Parallèlement à ces actions militantes, Mony Elkaïm développa une pratique de thérapie de couple et de famille ainsi qu’une activité de formateur en thérapie familiale. En 1979, il créa à Bruxelles l’Institut d’Études de la Famille et des Systèmes Humains (IEFSH). Avec ses collègues de l’Institut, comme Jacques Pluymaekers, Edith Goldbeter, Geneviève Platteau et Alain Marteaux, Mony Elkaïm organisa en 1981 le premier d’une série de congrès internationaux de thérapie familiale en Europe, auxquels furent invités les pionniers de la thérapie familiale américains —dont ceux du MRI de Palo Alto et de l’Ackermann Institute de New York— et européens dont Mara Selvini, Luigi Cancrini, et Maurizio Andolfi, ainsi que des représentants de l’antipsychiatrie cités plus haut. Ces rencontres mémorables rassemblèrent à chaque fois un millier de participants et donnèrent une impulsion décisive au modèle systémique qui était encore peu connu en Europe.

En 1990, Mony Elkaïm fonda l’Association européenne de thérapie familiale (European Family Therapy Association, EFTA) qu’il présidera pendant plus de dix ans, avant d’en présider la chambre des Instituts de formation. Soucieux de défendre le statut des psychothérapeutes, il créa et soutint de nombreuses associations professionnelles, en Belgique et à l’étranger. Il lança en 1979 les « Cahiers critiques de thérapie familiale et de pratiques de réseaux », première revue de thérapie familiale en langue française, et dirigea à partir de 2003 la collection « Couleur Psy » aux Éditions du Seuil. Professeur à l’Université libre de Bruxelles, il devint responsable de l’unité de thérapie systémique au sein du service de psychiatrie dirigé par le Prof. Julien Mendelewicz à l’hôpital Erasme rattaché à l’ULB.

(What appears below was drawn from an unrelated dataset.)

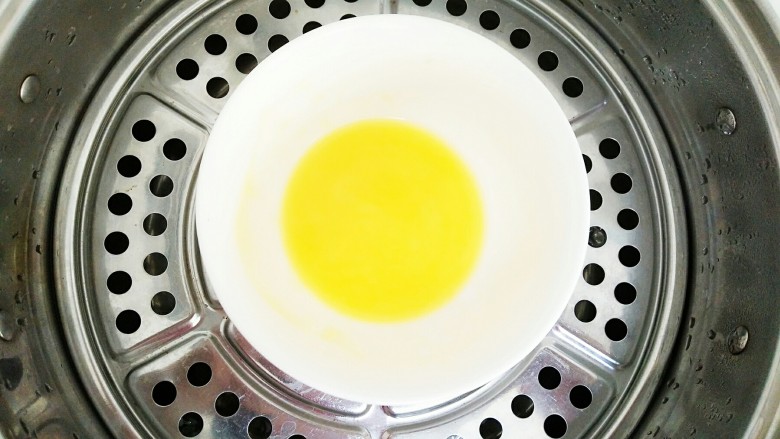 榴芒千层蛋糕,<a style='color:red;display:inline-block;' href='/shicai/ 887'>黄油</a>隔水加热将其融化至液体状!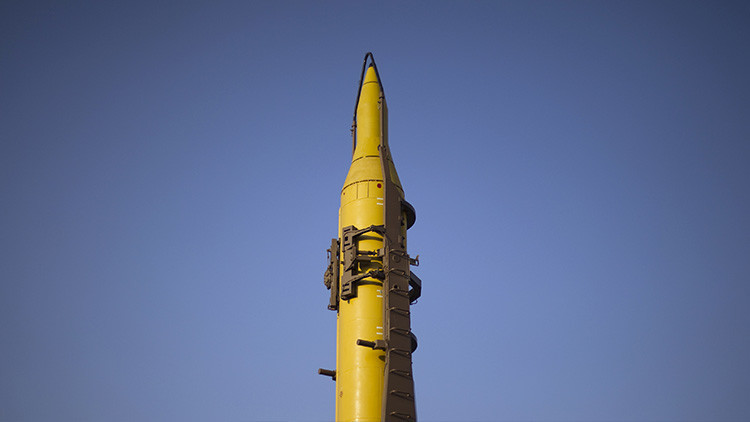 Ministro de Defensa de Irán confirma el lanzamiento de misil.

Ses rencontres et amitiés avec des personnalités de différents champs comme Félix Guattari, le prix Nobel de chimie Ilya Prigogine et le cybernéticien Heinz von Foerster, lui permirent d’introduire de nouveaux concepts en thérapie familiale comme les assemblages, les bifurcations et les résonances, qu’il exposa dans des ouvrages dont Si tu m’aimes, ne m’aime pas. Approche systémique et psychothérapie (Seuil, 1989), Où es-tu quand je te parle? (Seuil, 2014), et Vivre en couple. Plaidoyer pour une stratégie du pire (Seuil, 2017). Il proposa une synthèse des diverses approches du domaine dans un Panorama des thérapies familiales (Seuil, 1995).

Mony Elkaïm était un  homme constamment en marche – à l’image d’une sculpture bien connue de Giacometti – transmettant ses connaissances, ses questionnements et son humanité en marchant en long et en large dans les salles de formation ou sur la scène des congrès, développant son approche devant les regards émerveillés du public de thérapeutes en formation ou aguerris, qui tentaient de le suivre de gauche à droite tout en prenant des notes… Il a été un formateur hors pair, pratiquant avec ses auditeurs une maïeutique brillantissime qui, souvent, leur faisait croire que c’était eux qui avaient trouvé la solution pour sortir de l’impasse où ils se trouvaient avec leurs patients.

Psychothérapeute de renommée internationale, sa créativité et son charisme ont fait de lui un orateur recherché. Il intervint dans de multiples réunions et donna maintes formations un peu partout dans le monde. Il fut l’un des rares thérapeutes européens à être reconnu par l’Association américaine de thérapie de couple et de famille (AAMFT) pour faire des supervisions aux Etats-Unis. Son style de thérapeute alliait l’éthique à l’esthétique. Souvent il illustrait sa démarche au moyen de simulations sous forme de jeux de rôle dans lesquels les participants d’une famille fictive proposaient une situation bloquée qu’il dénouait par des interventions lumineuses, en faisant participer la salle.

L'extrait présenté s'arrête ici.